Xpert MTB/RIF Contribution to Tuberculosis Case Finding

From March to October 2012, 28 additional (smear negative, Xpert MTB/RIF positive) cases were diagnosed at the facilities where the Xpert MTB/RIF machines were housed, and 15 additional cases were diagnosed from facilities where laboratory technicians brought specimens to the Xpert MTB/RIF facilities. Therefore, 8.85% (43 of 486) of the total number of cases treated in the 10-month project period or 12.50% (43 of 344) of the number of cases identified in the last 6 months of the project after Xpert MTB/RIF was implemented were confirmed by Xpert MTB/RIF. The total number of patients tested, number of cartridges used (including repeat testing due to errors), and percent yield were 817, 922, and 5.30%, respectively.

DISCUSSION

The proportion of outpatients who were appropriately screened for TB by sputum smear increased dramatically in intervention facilities compared with control facilities and also compared with a baseline historical time period. Significant improvement in treatment outcomes were also measured after our bundled intervention. Despite limited previous training, the existing MLPs in these rural facilities were effectively trained to identify and manage patients with TB and TB-HIV coinfection in the absence of medical officers. These MLPs screened 64% of the presumptive TB cases, increasing the number of TB cases approximately 5-fold, and increased TB completion by 28.85% over the 10-month project period.

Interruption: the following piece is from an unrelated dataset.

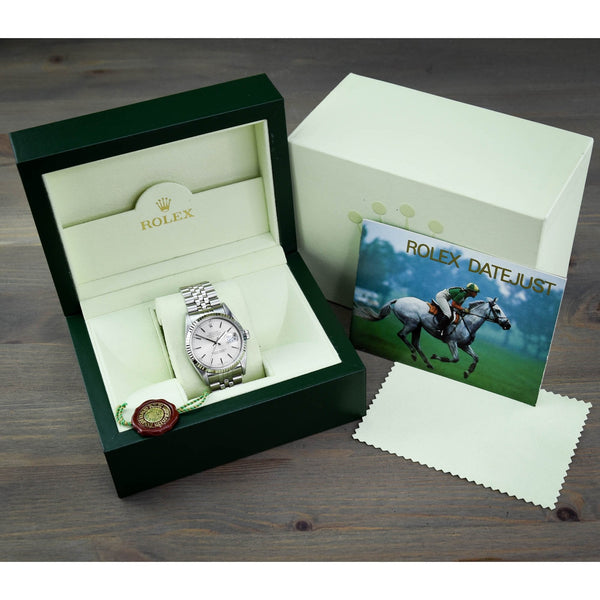 Datejust 16234 - Gents Watch - Silver Dial - 1989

Our healthcare systems approach linked clinical and laboratory training—an approach that has been successful in the diagnosis and treatment of other infectious diseases such as malaria [25, 26]. All aspects of TB case finding and treatment were managed by MLPs and supported by simultaneous laboratory strengthening that provided quality diagnostics to accommodate the larger presumptive TB case laboratory volumes. Our study also corroborates previous clinical trials that task-shifting care to MLPs does not compromise outcomes in HIV care [9], including timely initiation of ART in TB-HIV coinfected individuals and in provision of community-based directly observed therapy [27, 28]. In our study, multidisciplinary training followed by intermittent OSS was an effective way to catalyze sustained improvement in passive TB case detection over time and TB outcomes over time.

The project did not offer pay-for-performance rewards, or any other form of additional salary support [29], nor did it offer additional staff at public healthcare facilities; staff at both intervention and control facilities were paid the same salary. Even without such additional incentives, the MLPs in this study were able to identify and treat TB, a critical achievement given that the majority of the Ugandan population is rural and medical doctor absenteeism is pervasive across rural SSA [7].

Fluorescence microscopy detected 90% of the confirmed TB cases during the project period. Fluorescence microscopy has higher sensitivity, shorter turnaround times, and requires only a single reagent for staining compared with Ziehl-Neelsen light microscopy [17, 30]. It allowed for rapid expansion without additional laboratory personnel to accommodate the large increase in the number of patients referred for smear microscopy testing. Previous field implementation studies have demonstrated concerns about specificity despite increases in sensitivity with FM [31, 32], which were overcome in our project through centralized, strong quality assurance systems.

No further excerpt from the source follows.